Maybe you finally get the message about the pointlessness of this day when you unplug your car to drive home and it turns out it didn’t charge.
[Sigh.]
At this point, there’s nothing left to do but go home, make some hummus and eat it on a thick slice of the fancy bread, followed by an orange. And if that orange is the sweetest part of your day, then thank god for oranges.
xo
I think there’s a part of us that thinks we have to be productive every day and when we’re not our days aren’t worth anything. I think we have to shift this capitalistic way of looking at working at our life. We just have to enjoy the beauty of what we do otherwise, it is all judgement and judgement doesn’t make us happy. Life is what it is and it’s not always productive. It just is and the more I look at my unhappiness more I realize it is about this judgement.

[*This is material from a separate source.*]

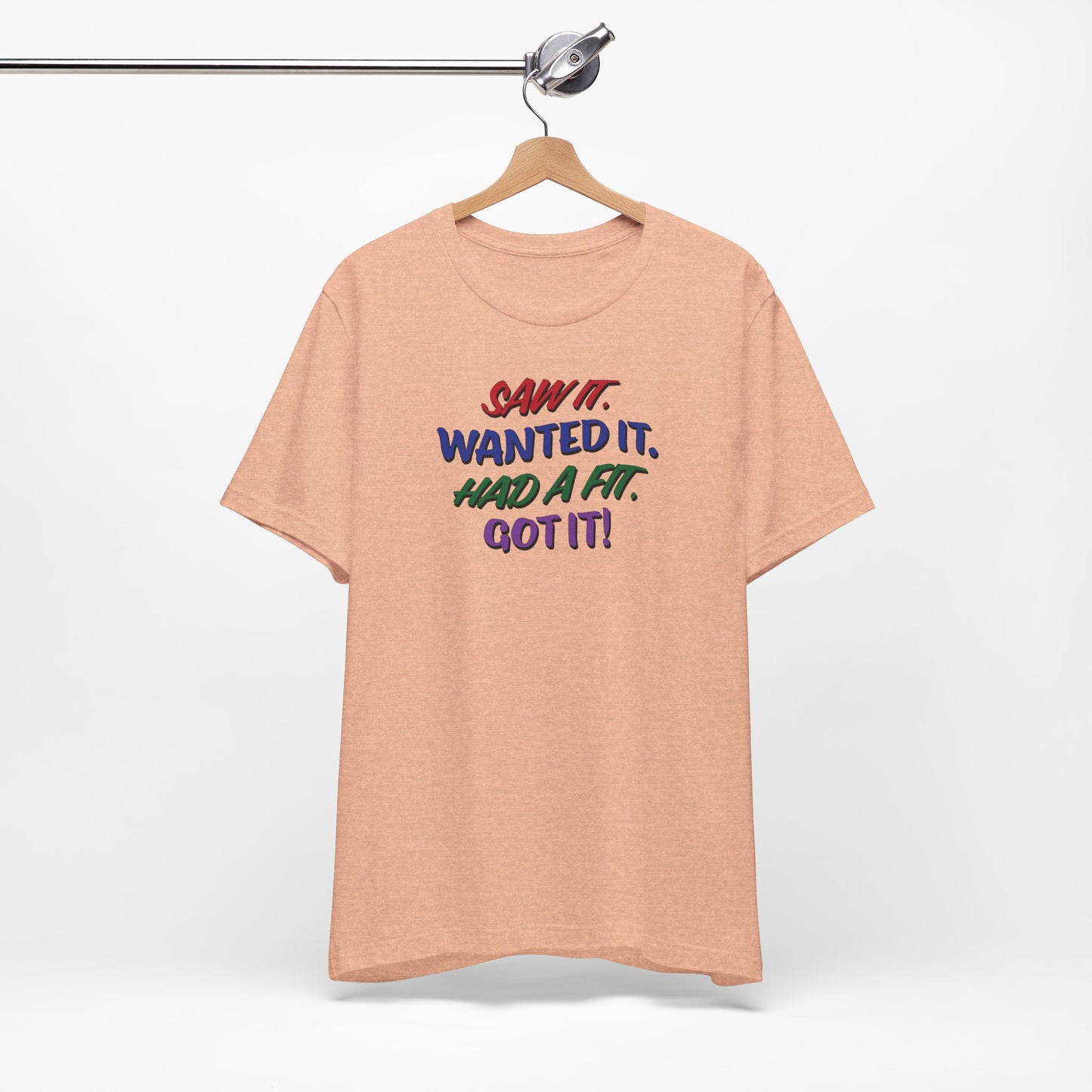 'Saw It. Wanted It. Had A Fit. Got It!' (Soft, Quality Bella & Canvas <Or Comparable> Unisex Tee)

Maggie- SO funny- just on my walk today I started pondering some sort of variation of the title of my book to be: "...when you keep thinking that you'll be drinking lemonade, but it still feels like lemons"... So it's wild that I just came across your article with lemons in the title! I love the title by the way! ...But also I loved your frank story telling in this piece. I mean it's just like that song: "momma told me there'd be days like this"...#truth... This line in particular was so on point: "you're in everyone's way, and no one is in your way because you don't have a way..." Such a relatable feeling is captured in that image and sentiment...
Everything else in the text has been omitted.